About this task. Search each line below for the word "Photo" and list those that contain it.

Records provided.
• • • • • • •

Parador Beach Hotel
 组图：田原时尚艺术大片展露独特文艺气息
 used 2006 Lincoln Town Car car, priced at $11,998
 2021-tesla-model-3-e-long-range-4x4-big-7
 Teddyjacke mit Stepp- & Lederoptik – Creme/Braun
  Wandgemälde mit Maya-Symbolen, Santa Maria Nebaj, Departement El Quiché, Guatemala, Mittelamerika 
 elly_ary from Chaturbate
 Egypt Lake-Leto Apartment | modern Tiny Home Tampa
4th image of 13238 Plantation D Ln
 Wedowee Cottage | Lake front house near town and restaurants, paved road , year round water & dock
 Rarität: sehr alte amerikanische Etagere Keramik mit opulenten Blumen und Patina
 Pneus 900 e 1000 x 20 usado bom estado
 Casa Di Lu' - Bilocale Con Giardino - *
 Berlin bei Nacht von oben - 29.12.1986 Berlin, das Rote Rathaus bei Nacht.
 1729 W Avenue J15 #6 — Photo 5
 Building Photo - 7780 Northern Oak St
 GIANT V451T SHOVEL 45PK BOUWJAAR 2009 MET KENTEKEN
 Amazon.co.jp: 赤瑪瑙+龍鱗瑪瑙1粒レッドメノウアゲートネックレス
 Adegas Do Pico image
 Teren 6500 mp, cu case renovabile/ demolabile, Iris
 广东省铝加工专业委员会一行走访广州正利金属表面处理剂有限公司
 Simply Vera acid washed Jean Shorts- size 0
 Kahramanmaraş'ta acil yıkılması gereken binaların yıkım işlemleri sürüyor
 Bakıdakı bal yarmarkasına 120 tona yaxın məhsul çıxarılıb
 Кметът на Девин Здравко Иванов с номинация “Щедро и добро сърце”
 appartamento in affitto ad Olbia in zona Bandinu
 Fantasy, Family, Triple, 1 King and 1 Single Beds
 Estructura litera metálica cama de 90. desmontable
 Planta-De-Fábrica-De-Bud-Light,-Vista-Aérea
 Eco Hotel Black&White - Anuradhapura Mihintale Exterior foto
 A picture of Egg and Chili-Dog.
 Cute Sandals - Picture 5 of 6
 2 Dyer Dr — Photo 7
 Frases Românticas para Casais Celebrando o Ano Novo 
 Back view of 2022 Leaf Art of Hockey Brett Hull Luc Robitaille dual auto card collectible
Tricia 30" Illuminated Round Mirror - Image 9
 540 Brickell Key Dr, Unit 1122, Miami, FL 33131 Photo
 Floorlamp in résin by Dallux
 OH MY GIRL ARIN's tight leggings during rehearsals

• • • • • • •

Answer space.
 1729 W Avenue J15 #6 — Photo 5
 Building Photo - 7780 Northern Oak St
 2 Dyer Dr — Photo 7
 540 Brickell Key Dr, Unit 1122, Miami, FL 33131 Photo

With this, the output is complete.